Accordingly, one example of selecting an information fusion approach based on pedigree can include the selection of either asymmetric fusion for constrained datasets or symmetric fusion for unconstrained datasets. Another example can be based on the existence of a distributed environment, where there is no common server. Under these circumstances, access to full datasets might not be possible, but analytical results based on those datasets might be available. Situations like this preclude the implementation of data fusion processes and might arise between two entities who are unwilling to share data, but are willing to share results. Results-oriented fusion algorithms (e.g., decision fusion) are, therefore, the appropriate fusion approaches. In yet another example, the level and nature of missing data in the source datasets may suggest an information fusion approach involving either data fusion processes, wherein the missing data is first imputed, or decision fusion processes, if imputation is not possible. Exemplary imputation can comprise substituting missing data with estimates using information from other datasets.
In another embodiment, the criterion for selection of information fusion approaches can be based on the similarity of the various sets of data to be fused.
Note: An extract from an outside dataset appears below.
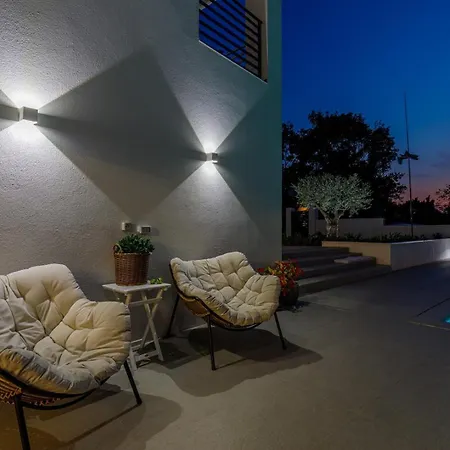 Luxury Valhalla With Private Pool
For example, regarding algorithms classified under symmetric fusion, when the datasets are alike, data fusion processes can be preferred as they take all the data into account. Decision fusion processes can be more suitable and computationally more efficient when the source datasets are very different. Feature fusion can require the ability to identify common features between the datasets. Intermediate integration can be simpler, however, it may require additional processing if the analytical tool to be applied does not support dissimilarity matrices as inputs.
In one embodiment, application of each of the selected information fusion approaches to sets of data can comprise traversing the taxonomy along a path of associated classes to a fusion implementation variant of a particular fusion algorithm and applying the implementation variant to the sets of data. Application of a plurality of information fusion approaches to the same sets of data can allow the different fusion approaches to be evaluated and compared in terms of their respective influence on the information fusion results.
In some embodiments, a single information fusion approach can be evaluated in terms of the impact that the degree of application has on the fusion results. For example, when employing a fusion algorithm that is associated with asymmetric fusion processes, various degrees of enrichment of one dataset with another using a single algorithm can be compared one with another. Similarly, when employing a particular fusion algorithm that is associated with symmetric fusion processes, various degrees of mixing at least two datasets using a single algorithm can be compared one with another. Exemplary control of the degrees of enrichment and/or mixing can be provided, as described elsewhere herein, by an enrichment parameter, η, applied to one or more analytical operators or to at least one of the sets of data.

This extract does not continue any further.